Baked Gnocchi à la Parisienne Recipe

gnocchi a la parisienne

Gnocchi a la Parisienne is a toothsome mix of gnocchi pillows baked in a creamy roux sauce with garlic mushrooms. I topped it with cheese and slices of truffle butter-the fresh truffle that we were given at Chateau Yering. It was a heady, fragrant comforting mix - if you were to describe it like a person it would be kind of like your down to earth but sophisticated friend.

It was a week unlike a typical one. I tell people that despite my job, I try not to go out every single night. Yet this week would prove me wrong and because I was about to embark on some travel, I wanted to catch up with friends. And because they were girlfriends and it was a week of torrential downpours, Mr NQN quite wisely opted to stay at home and play on his computer and watch the Tour de France. I left him provisions to eat including a duck and vegetable broth and a gnocchi a la Parisienne as I know that he loves pasta with creamy sauces.

gnocchi a la parisienne

The broth came from a larger container in the fridge and it was solid-jellied to be exact. You see I had made the stock in the pressure cooker and because the gelatine was released from the bones it became quite jellied when cold. When I put some in a bowl that afternoon I expected him to heat it up and drink it like a soup. I left instructions on the cooking time and thought that he would be fine.

Later that night I asked him if he enjoyed his dinner.

"Yeah the bake stuff was really good but that jelly stuff was weird" he said shaking his head.

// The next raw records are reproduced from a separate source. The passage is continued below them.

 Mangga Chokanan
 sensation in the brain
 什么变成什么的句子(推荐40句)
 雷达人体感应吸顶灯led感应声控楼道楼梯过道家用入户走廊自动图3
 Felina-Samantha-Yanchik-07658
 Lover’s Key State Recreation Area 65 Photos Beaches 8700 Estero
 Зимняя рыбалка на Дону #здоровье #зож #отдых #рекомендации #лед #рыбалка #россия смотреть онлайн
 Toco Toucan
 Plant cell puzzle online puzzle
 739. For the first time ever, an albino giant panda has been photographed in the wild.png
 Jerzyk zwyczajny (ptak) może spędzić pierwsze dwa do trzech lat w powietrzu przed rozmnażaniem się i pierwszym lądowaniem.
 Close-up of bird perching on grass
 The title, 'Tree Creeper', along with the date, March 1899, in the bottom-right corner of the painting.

"What jelly stuff?" I asked him. And then it dawned on me. The poor thing had eaten a bowlful of the cold, solid jellied broth. I burst out laughing and said "That was the soup, you didn't heat it up?"

gnocchi a la parisienne
Truffle butter

He looked at me surprised. "Whaaa? No...." with a confused tone before musing aloud. "I thought it was kinda weird for jelly and not sweet". He then paused and added with a wry grin "Uh oh this is going to make it on the blog isn't it?"

Yes my darling husband it is :)

So tell me Dear Reader, how much do you go out in a typical week and how often would you eat out at a restaurant or cafe? And bloggers, do your friends or relatives ever ask you not to put something about them on your blog? ;)

gnocchi a la parisienne

Gnocchi à la Parisienne

An original recipe by Lorraine Elliott

Preparation time: 20 minutes

Cooking time: 40 minutes

Serves 3-4 (enough for 4x 13-16cms/5-6 inch gratin dishes)

  • 500g/1.1lb packet of potato gnocchi

  • 250g/1/2lb button or field mushrooms, cut into pieces

  • 2 cloves garlic, sliced thinly

  • 100g /3.5 ozs. butter divided into two lots of 50g/1.7ozs plus 20g/1.5 tablespoons extra to dot on top (I used truffle butter)

  • 3 tablespoons plain all purpose flour

  • 100ml/3.5 flozs. white wine

  • 2 cups/500ml/17flozs whole milk, warm

  • 1/2 cup/50g/1.7ozs grated gruyere cheese plus extra for sprinkling on top

  • salt and pepper (I used truffle salt)

  • Chives or parsley to finish

Step 1 - Boil the gnocchi in plenty of salted water until they float to the top. Preheat the oven to 190C/380F.

gnocchi a la parisienne

Step 2 - Heat the saucepan (I just use the same cast iron pot I used to boil the gnocchi). Melt a tablespoon of butter and then saute the garlic and mushrooms on medium heat. I find it easier to keep adding butter as they cook or they tend to absorb all of the butter at once and start to stick. So add a tablespoon of butter at a time as they cook, there should be enough for 3-4 tablespoons  and you will only use half of the total butter for this step. Place in a bowl and set aside.

gnocchi a la parisienne
Melting the butter

gnocchi a la parisienne
Adding the flour

gnocchi a la parisienne
Adding milk gradually

gnocchi a la parisienne
To get a creamy smooth roux sauce

Step 3 - With the second half of butter (50g/1.7ozs) make a roux sauce by melting the butter in the same saucepan and then add the flour. Using a flat bottomed wooden spoon or spatula move the flour around the avoid any lumps and cook it for 1-2 minutes until it bubbles lightly. Add the white wine and cook this for another 2-3 minutes. Then add milk gradually, in 3-4 parts combining well and stirring it and then adding the cheese. I find this easiest to do with the pot off the heat and once it is all smooth put the pot back on the heat to cook it. Add the gnocchi and mushrooms and stir to coat.

gnocchi a la parisienne

Step 4 - Ladle the mixture into the gratin dishes. Add some extra cheese on top and then top with extra butter (the 20g extra, I used truffle butter). Bake for 20 minutes until golden brown and bubbly. Serve with chopped fresh chives or parsley on top.